Beban tersebut semakin berat ketika RT/RW juga dilibatkan dalam berbagai kegiatan yang tidak sepenuhnya berkaitan dengan tugas pokok.

Mulai dari menjadi panitia hari jadi kelurahan, pengajian bulanan, hingga rapat koordinasi lintas forum RT/RW. Semua itu menambah daftar panjang tanggung jawab yang harus dipikul.
Di sisi lain, tugas utama RT/RW sendiri sudah sarat persoalan.

Dari pembuatan surat pengantar dan surat keterangan, penggalangan dana lingkungan, penggunaan aplikasi pelayanan yang belum efektif, hingga persoalan keamanan, sampah, konflik antarwarga, serta koordinasi pemasangan infrastruktur seperti tiang telepon dan fasilitas umum lainnya.

Ironisnya, besarnya tanggung jawab tersebut tidak berbanding lurus dengan honor atau insentif yang diterima. Honor RT/RW bahkan kerap dibayarkan setiap tiga bulan sekali, dengan skema yang tidak transparan dan nominal yang jauh dari kata layak.

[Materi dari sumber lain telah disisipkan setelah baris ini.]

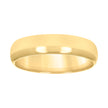 10kt Yellow Gold Unisex 5mm Comfort-Fit Wedding Band Ring Size 6 - SLV-40629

Penugasan RT/RW selama tiga atau lima tahun memang ditetapkan melalui Surat Keputusan Lurah, yang secara administratif memberi legitimasi kuat. Namun dalam praktiknya, para pejuang lingkungan ini sering kali terperdaya oleh regulasi turunan, baik melalui Surat Keputusan Wali Kota maupun Peraturan Daerah, yang tidak secara tegas mengatur besaran honor serta sumber pendanaannya.

Kondisi ini menunjukkan adanya ketimpangan antara tanggung jawab dan penghargaan. Padahal, RT dan RW merupakan ujung tombak pemerintahan, tempat pertama masyarakat menyampaikan aspirasi, keluhan, dan kebutuhan layanan publik.
Sudah saatnya seluruh pemangku kepentingan melakukan evaluasi menyeluruh.

Pembenahan sistem, kejelasan regulasi, serta prinsip kemanusiaan dan keadilan perlu dikedepankan. Sebab, dari struktur pemerintahan paling bawah inilah roda pemerintahan sesungguhnya mulai bergerak.